Credit rating agency Moody’s has cut its rating outlook for Equifax from ‘stable’ to ‘negative’ due to the severe financial fallout of the hack in 2017, according to a CNBC report. The breach has cost the company some US$1.4 billion so far, excluding legal fees.

Moody’s decision is notable especially because it marks the first time that the cost of a security incident has prompted the agency to change a firm’s rating outlook. “This is the first time the fallout from a breach has moved the needle enough to contribute to the change,” Joe Mielenhausen, a spokesperson for Moody’s, was quoted as saying.

Arguably, however, the downgrade didn’t come out of the blue.
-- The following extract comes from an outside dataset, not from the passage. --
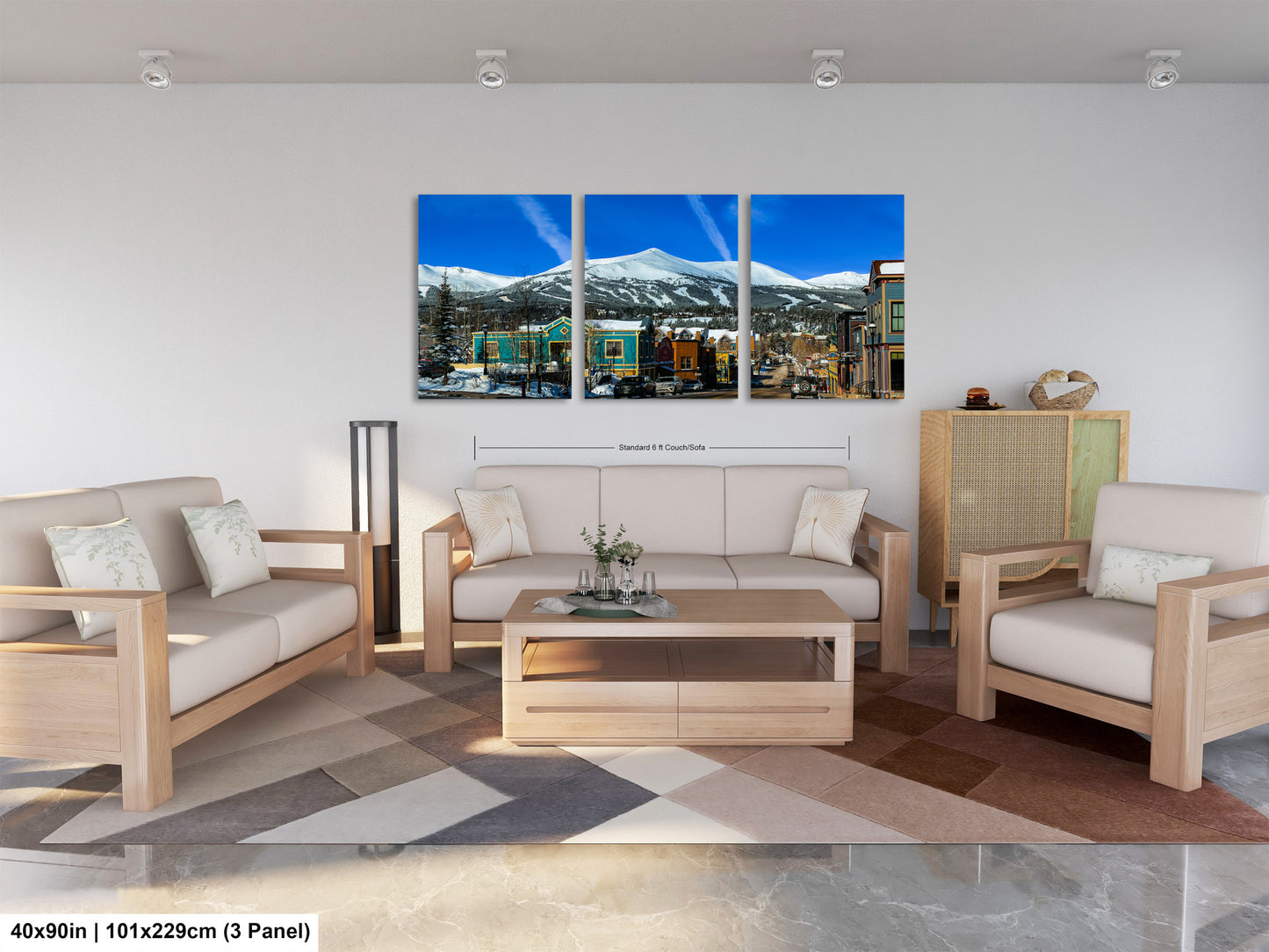 a living room filled with furniture and a painting on the wall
Moody’s itself sent a clear message to boardrooms in November 2018 when it announced that its rating outlooks would begin to take account of risks related to cyberattacks.

A tale of woe

Two years can be a long time, so let's recall how the breach earned Equifax a place in history books.

At its simplest, the incident was facilitated by a critical vulnerability in the Apache Struts web application framework for which a patch was issued on March 6, 2017 but which Equifax failed to install in time. Fast forward to May 13, 2017 and hackers begin to roam the firm's network in a breach that wouldn't be discovered until July 29, 2017.
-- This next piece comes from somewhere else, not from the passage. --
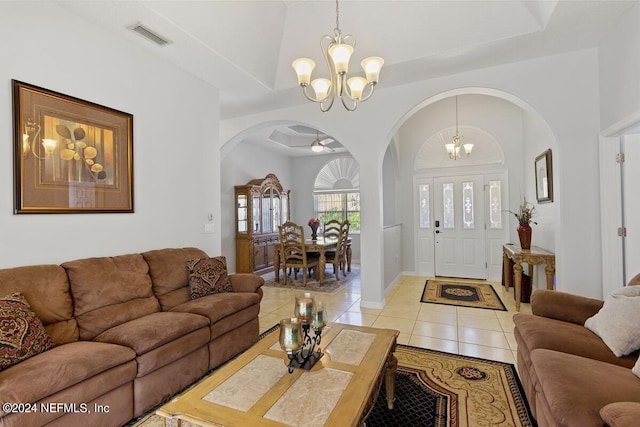 living room featuring light tile patterned floors and ceiling fan with notable chandelier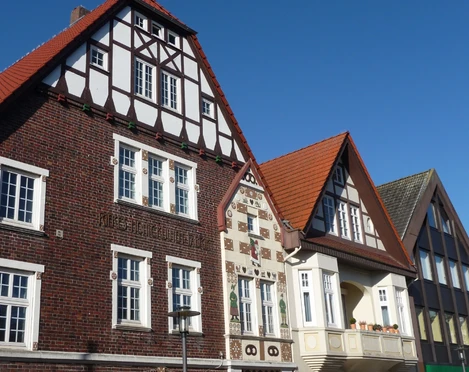 Riekes Honigkuchenfassade Fachwerkhaus mit verzierten Klinkerfassaden und Holzdetails vor blauem Himmel in Niedersachsen.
And it wasn’t until September 7 of the same year that Equifax disclosed that attackers had siphoned extensive personal data on half the US population, as well as hundreds of thousands of Canadians and Brits. The tally was later increased twice, finally coming in at data on nearly 148 million people.
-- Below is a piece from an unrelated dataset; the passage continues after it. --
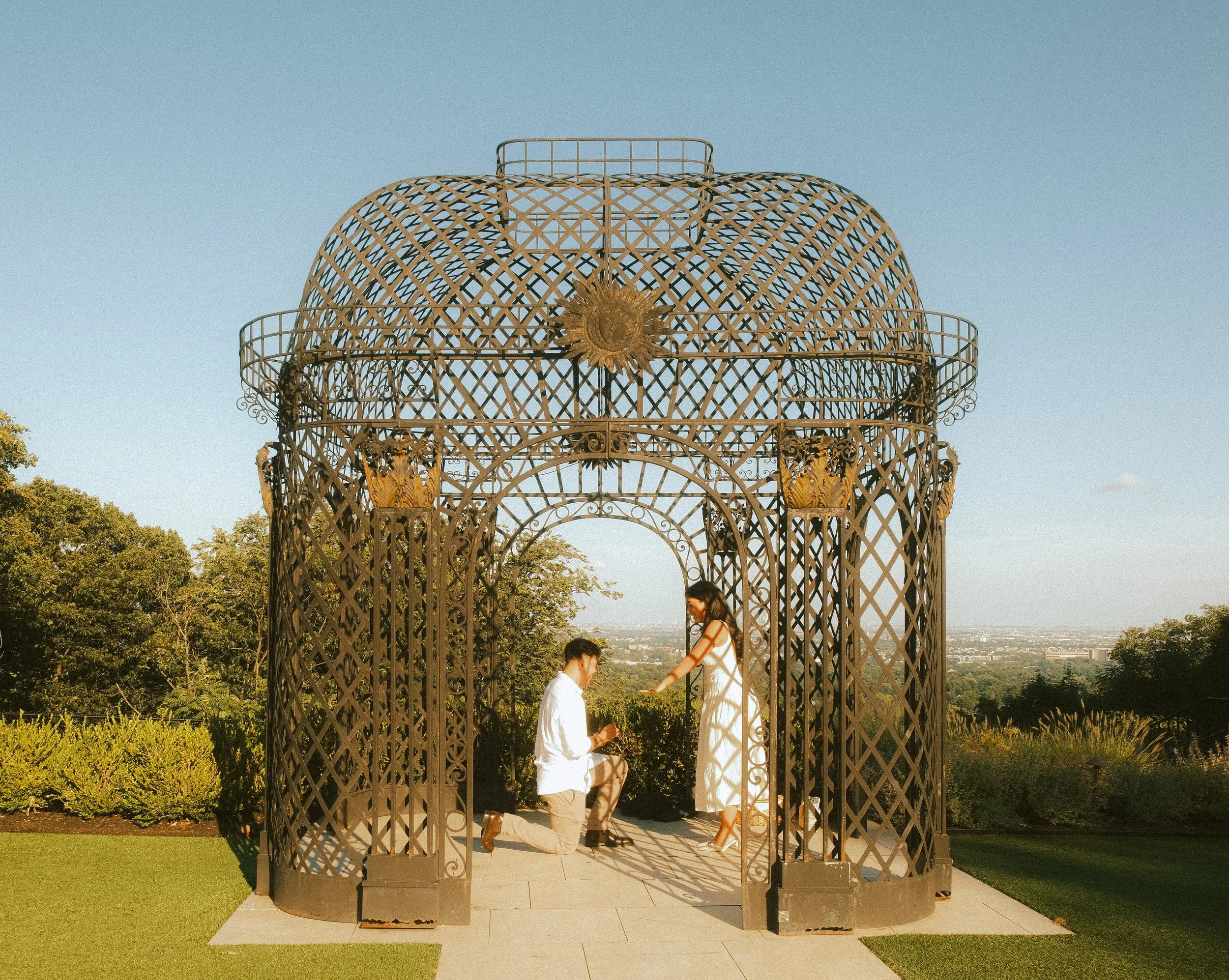 A man kneeling and a woman standing inside a decorative metal gazebo with a golden emblem on top, overlooking a cityscape and trees on a clear day.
The bulk of the criticism that Equifax has had to weather has to do with the firm’s lax cybersecurity practices. While the firm’s former CEO Richard Smith blamed the breach on the failure of a single person to deploy the patch, investigations found this to be merely a sign of a much deeper problem.

For example, a report that a US Senate committee released last month says that “Equifax’s shortcomings are long-standing and reflect a broader culture of complacency toward cybersecurity preparedness”.

Another scathing report, drafted by a House of Representatives committee and made public in December 2018, is well worth the read as it also provides unique insights into the circumstances that surrounded the incident.

Meanwhile, the thief or thieves remain unknown and the stolen data is nowhere to be found. CNBC recently reached out to a team of security experts, dark web data hunters and people involved in the investigation of the breach, who found that, contrary to what one would expect, the data has never turned up for sale in the internet’s dark recesses, nor does it appear to have been used for identity theft or scams.